Anyway, the crux of the matter is that I have now been living with LPHS for coming up 18 years. My life (or existence)is pretty miserable. The pain itself is the debilitating part of the whole thing. Of course I’ve been on huge amounts of opiates for the duration, and I guess I am now what you’d call an addict. No, I’d be really really crook if I were to stop taking my painkillers abruptly, but they no longer narcotize me (I don’t go on the nod or anything like that) – but rather, just help to control the pain.

LPHS has destroyed my life in a lot of ways, although probably because I let it do so. It is very easy to become depressed when you have a chronic illness or pain problem. Although my GP and kidney specialists all tried to get me to deal with my depression, I didn’t do anything about it myself until I was just about ready to ‘end it all’.

Obviously, my partner of 15 odd years got sick of seeing me in pain all of the time, and got sick of never being able to just go and have a night out without having to worry about whether I’d be too sick on the night to be able to go, and so he just ended up packing his bags and leaving me with our daughter who was only 6 at the time. She’s 9 now, and the light of my life. Without her, I don’t know what I would have done.

But, by him walking out, it forced me to have to deal with my depression, because I knew if I didn’t, I’d be consumed by it and then there would be nobody to really take care of my daughter.

I guess I’ll now be on antidepressants for the rest of my life, and although that doesn’t sit well with me, I guess its better than the alternative.

We are learning that although I’m in pain and really unwell most of the time, that we can do it, and we can be happy while we are. If I hadn’t had my daughter that I had to care for, I think I’d have just given up and spent ALL of my time in bed or on the couch, rather than just the significant amount of time that I was.

No, I’d love to be free of LPHS, but I’m guessing that’s just a fantasy and I’ll just have to live with it for the rest of my life. Yes, I am sick of being sick all of the time, but what else am I going to do? It’s pretty much out of my hands.

What I can say though is that despite how scary it all was at the beginning, once you actually come to terms with whats going on with your body, and you learn to work your life around your disease, you can cope, you can thrive. The trick is NOT LETTING YOUR DISEASE BECOME THE FOCUS OF YOUR LIFE. If somebody had told me 5 years ago that in a handful of years my lifelong partner would have hit the road and left me with a young daughter to care for all on my own, whilst I was in extreme bad health, I’d have laughed in their face. Well, now I’m doing it, and despite it all, I’m doing okay.
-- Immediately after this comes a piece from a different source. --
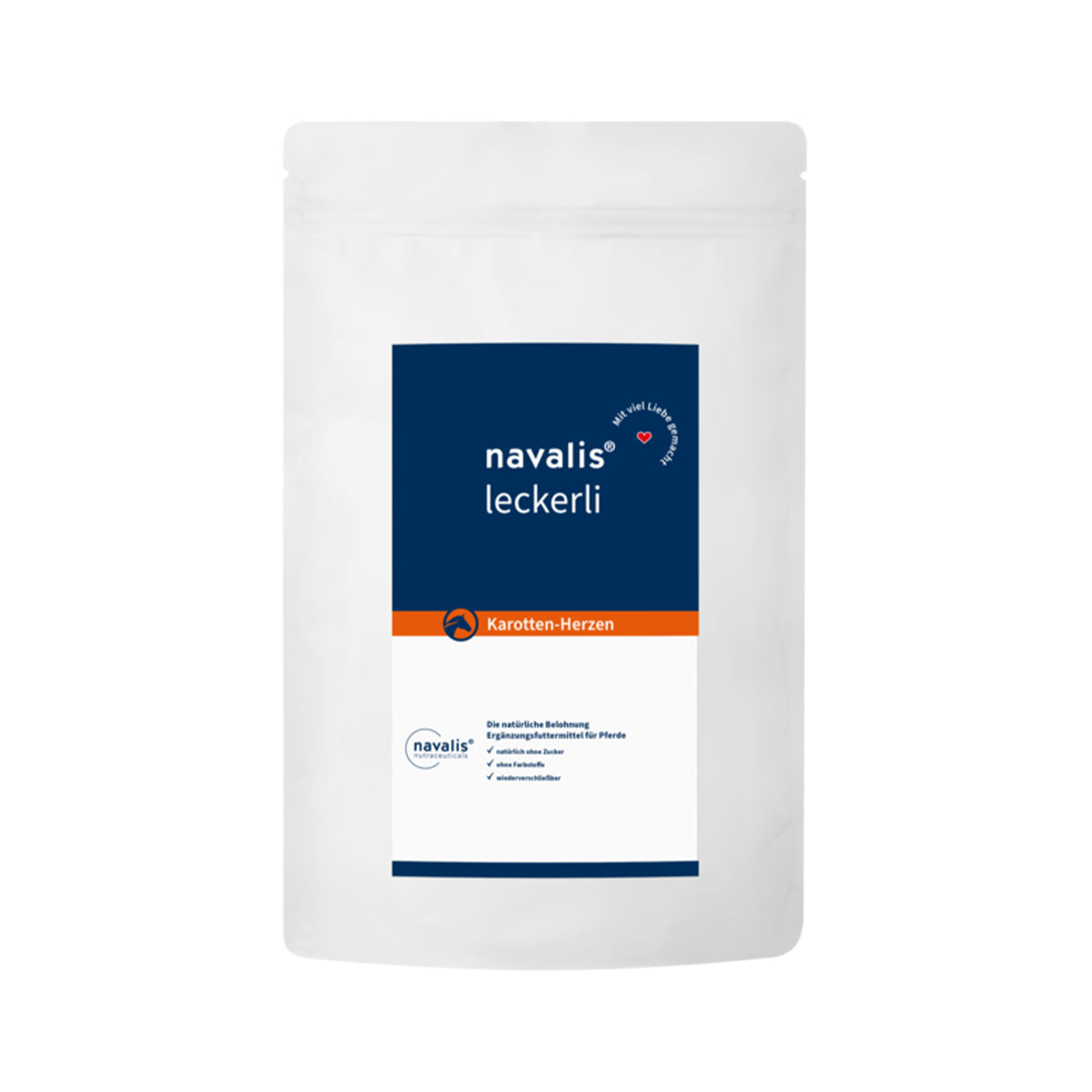 Leckerli Karotten-Herzen – 1,2 kg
My neurologist and pain specialist are looking at putting an intrathecal morphine pump into me within the next 12 months, and I’ve got to admit, that although I’m really scared about having the surgery (and about something going wrong whilst I’m on the table), I’m actually looking forward to it because they tell me that it will significantly reduce the amount of morphine that I’m having to take because the morphine will be going straight to the site that is causing the pain (the nerves around the kidney), and that I will be receiving the best possible control of the pain. The only drawback is that I’ll have to keep going back to the hospital and getting the reservoir filled up with more morphine every couple of months. I guess that’s a pretty small drawback in the grand scheme of things.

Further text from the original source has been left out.